Good science fair projects for a third grader?

“Late at night and without permission…”

Look, if you’re going to be doing dangerous chemistry in the household you might as well go all-out and cook up some meth or something (this is not a serious suggestion.) Or do like I keep thinking I’ll do whenever I find I need some acetone and oxidize isopropanol with bleach instead of going to the store and getting weird looks when I buy nail-polish remover. (Neither is this, though it probably could be done safely enough. One thing that stops me from trying it is the lack of a decent ventilation system as well as the ensuing distillation problem.)

Radios are boring. Does anyone even build a crystal radio these days, and what could you get on it besides religious broadcasting and sports? How about a homebrewed low-megahertz continuous wave NMR? Bonus points if the school administration freaks out because of the use of the other N-word. Not sure about the output, but there’s gotta be a way to do it, even with a strip chart. (More power to you if you can figure it out, because all I can think of would be to start looking at old physics and p. chem journals from the 50s.) Or a Beowulf cluster of X-Box 360s (or if you want to be cheap and boring, NESes or Commodore 64s or Apple IIs, though that would actually become pretty cool if you had enough of them.)

Does she have a brother?
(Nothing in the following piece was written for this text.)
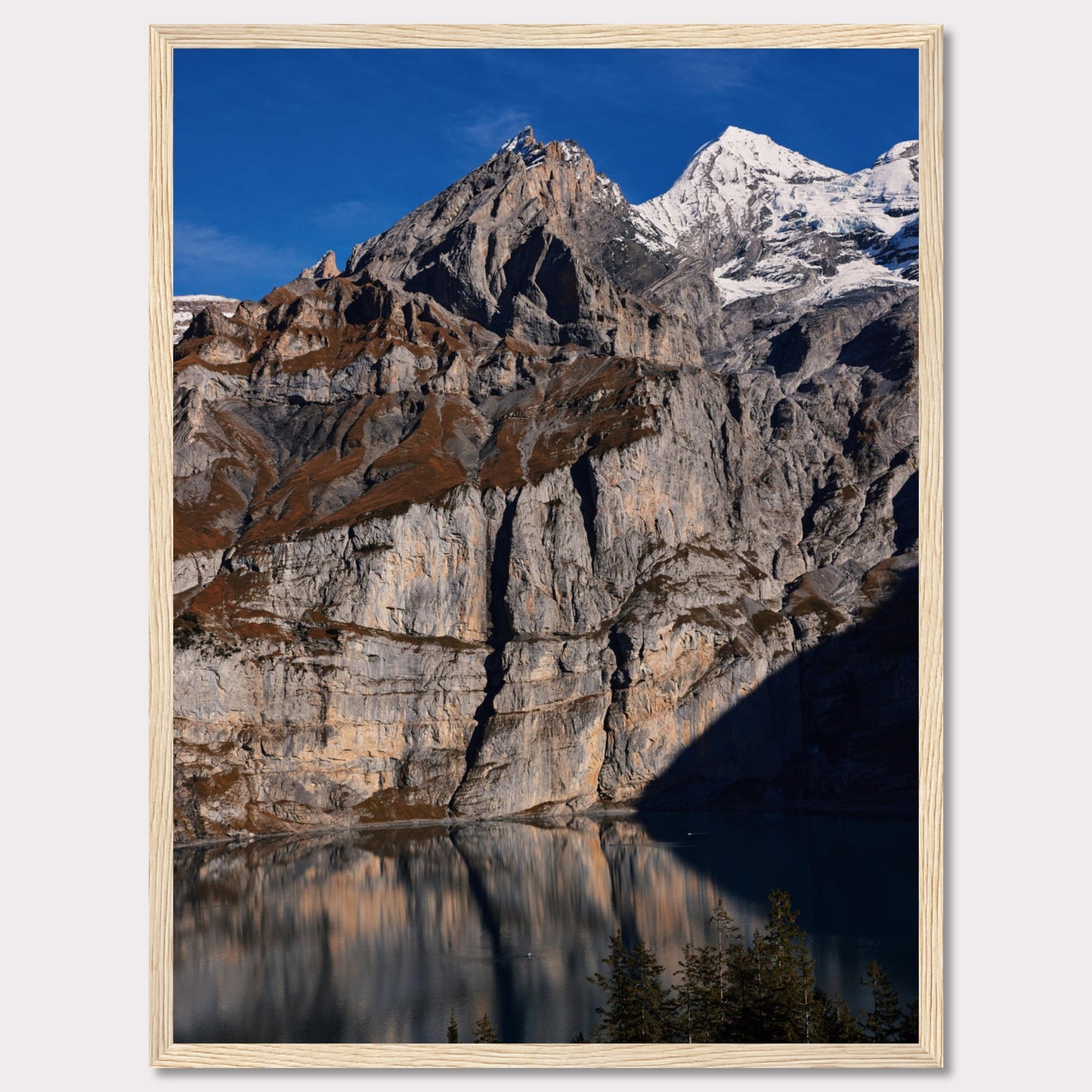 This stunning photograph captures the majestic beauty of a rocky mountain range, with snow-capped peaks under a clear blue sky. The rugged cliffs are reflected in a serene lake below, creating a mirror-like effect. Tall evergreen trees frame the bottom of the scene, adding a touch of greenery to the dramatic landscape.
How about the old classic, “Is my brother dumber than a hamster?” Or maybe she can borrow inkleberry’s kid (who apparently thinks he is a hamster) and pit him against a real hamster.

Okay, for a real suggestion, the New Horizons launched for Pluto last week. Although it’s a demonstration project, how about an explanation of the slingshot manuver it’s going to take around Jupiter and some of the other stuff about the mission. Best of all, she can crib it all (remember, it’s not plagirisim if everything’s cited :wink: ) from the website. Even better if you can find a way to model the gravitational effect.

I did one once comparing homemade bubble solution to store bought. I tested how big the average bubbles were (well, that’s the theory, I actually lied through my teeth about the results) by letting the bubble pop on construction paper and measuring the diameter of the watermark left.

An even better project idea would be to see how many of her peers lie about their projects or have their parents do the majority of the work. I’d love to see the results on that one.

-Mosquito

Thanks guys! There are some really great suggestions in here.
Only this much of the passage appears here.